Learned about procedural mesh calculation like calculating its UVs and its normals.
Learned about the marching cubes algorithm. I now know how to generate a mesh from a grid of data.
This was my first time really using C++ with unreal engine. I learned more about the connection between them and how to use them effectively together.
Learned about the networking implementation of unreal engine, and got better at using it (RPCs, RepNotify, authority, etc.)
I extensively worked with FMOD Studio when I made the audio ray tracer. I learned a lot about how audio works in the real world, so I can simulate it in the game. When making the proximity voice chat I had to insert custom steam voice data into FMOD using its lower level functions (PCMReadCallback).

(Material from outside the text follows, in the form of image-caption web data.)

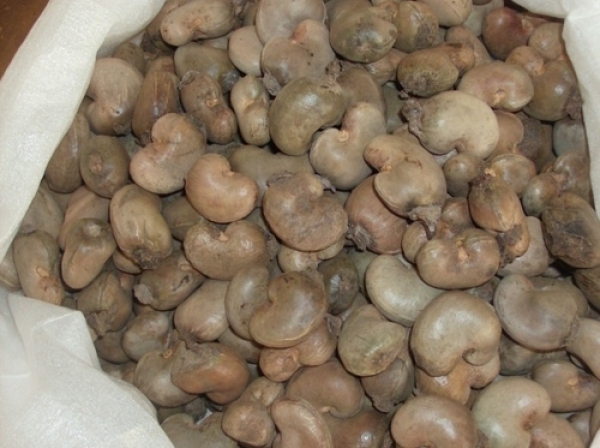 Noix de Cajou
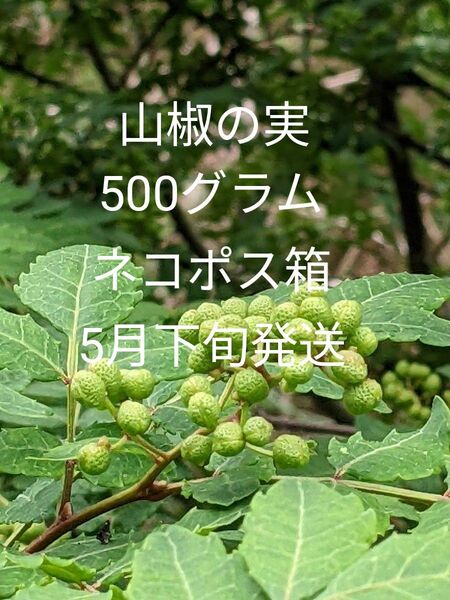 5.岡山県産 山椒の実 正味500グラム ネコポス箱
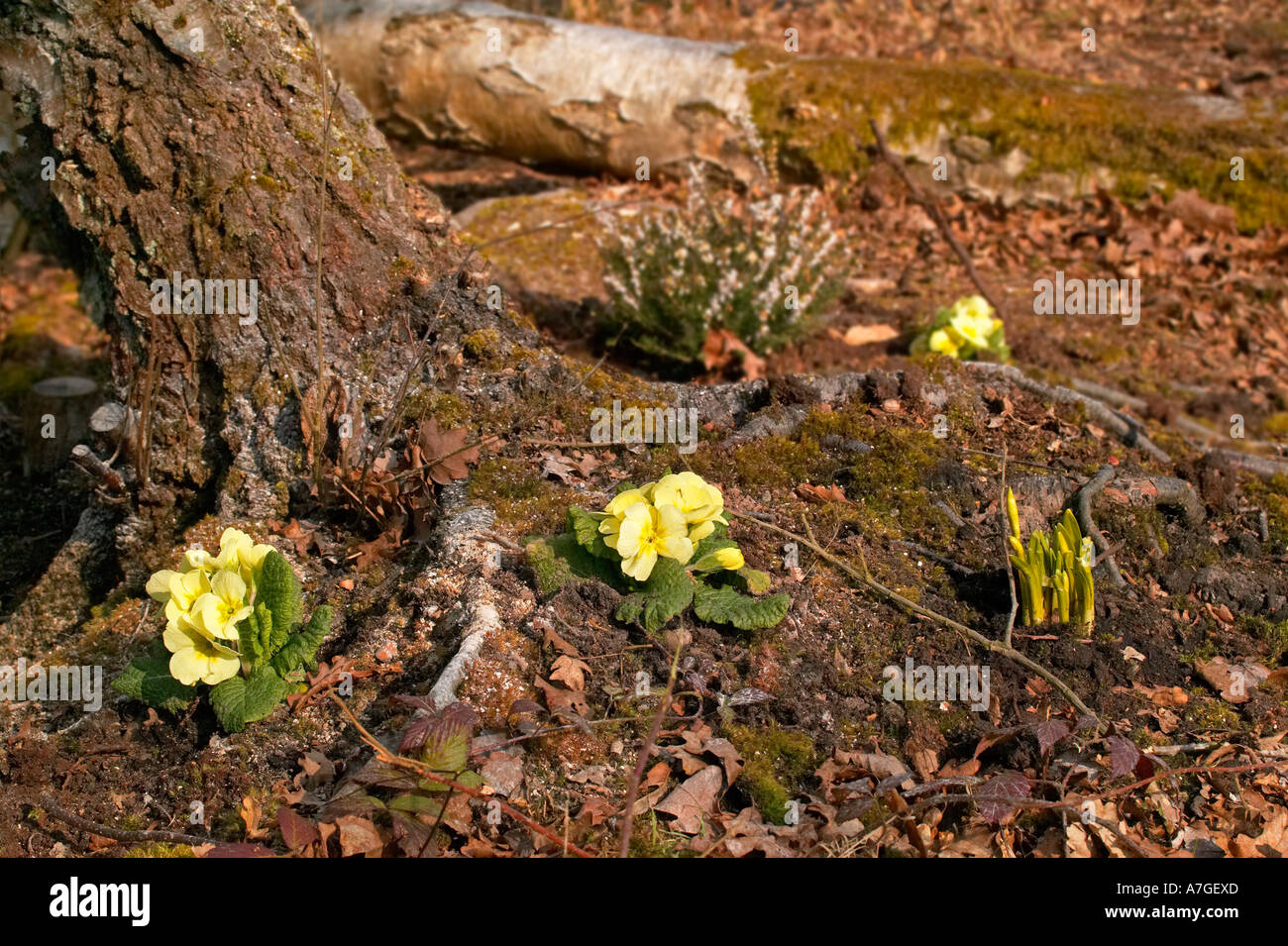 Les fleurs de printemps dans les bois Banque D'Images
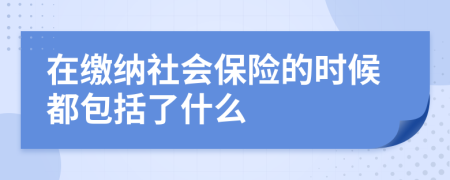 在缴纳社会保险的时候都包括了什么
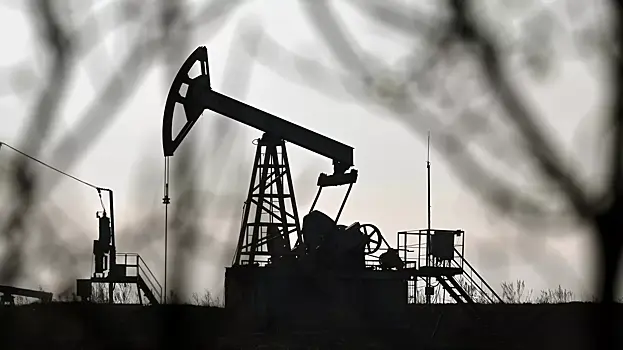 В России ожидают сокращения доходов от нефти и газа в ближайшие годы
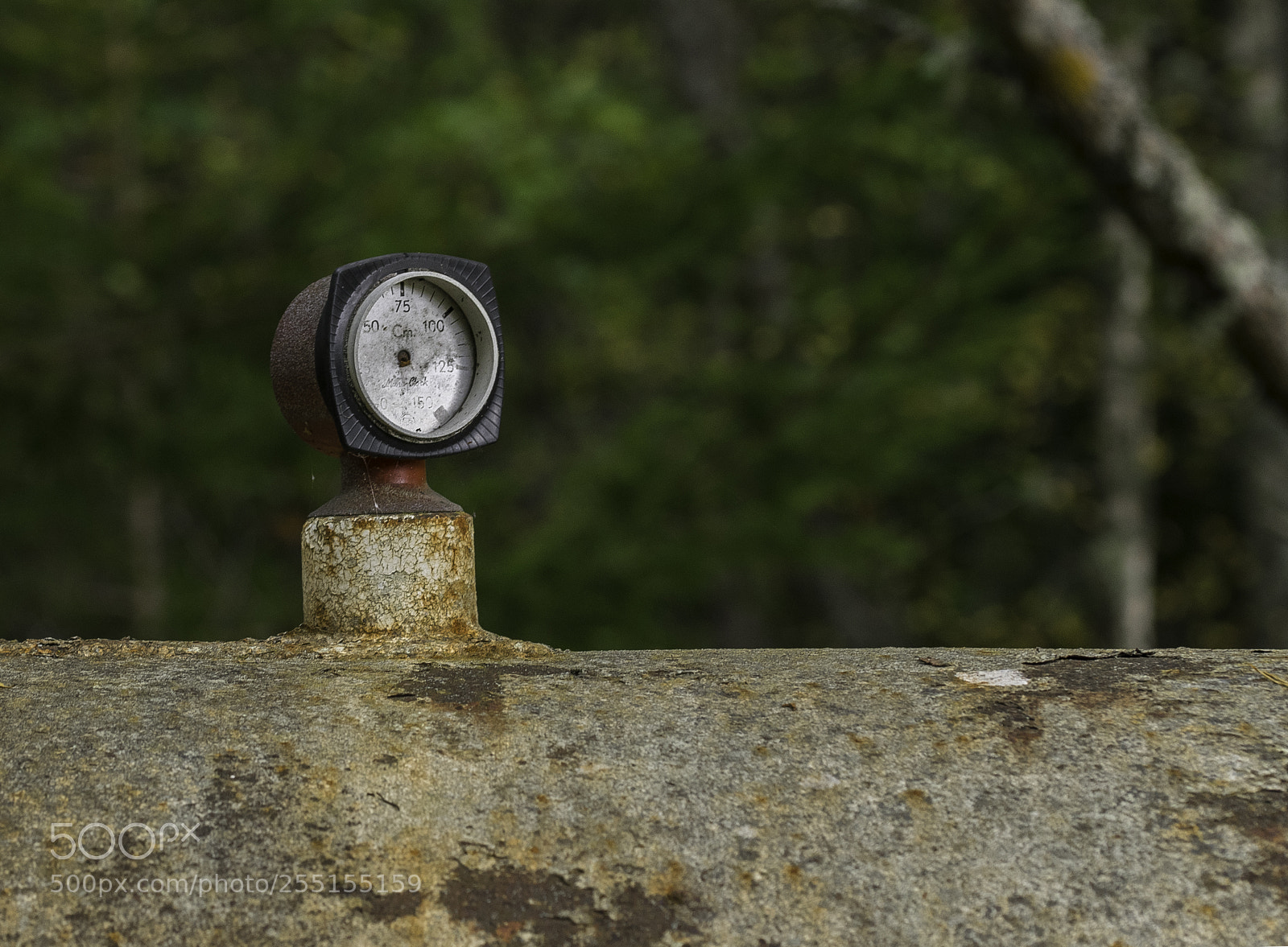 Nikon D5300 sample photo. Abandoned and junk photography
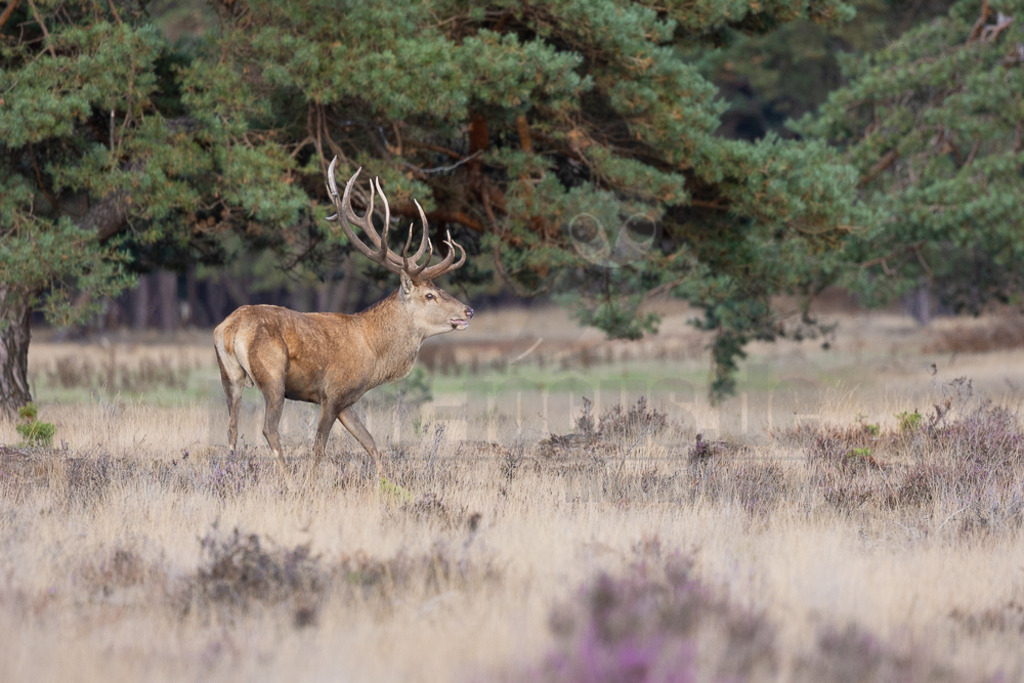 20220925175639-5-2 | Der Bildershop von www.natur-focus.de bietet ihnen den einfachen Kauf von Bildmaterial per Download aus allen Bereichen der Natur. In den Galerien finden sie Landschaftsfotos, Tierbilder und natürlich auf Pflanzenfotos. - Realisiert mit Pictrs.com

How to use steam subsystem to create and join online lobbies
So much more
The above video showcases the shape of the caves that I am generating. For this particular method of cave generation I did something very unique that I haven't seen before. I used cellular automata, something that traditionally stores its grid values as 0s and 1s, and I used float values between 0 and 1 instead. The reason for this is that having float values allows me to smooth out the cave using linear interpolation in combination with marching cubes to generate the mesh.
Having procedural caves means I can quite easily make the cave destructible, as you can see in this video:
Below are some code snippets used for the cave generation.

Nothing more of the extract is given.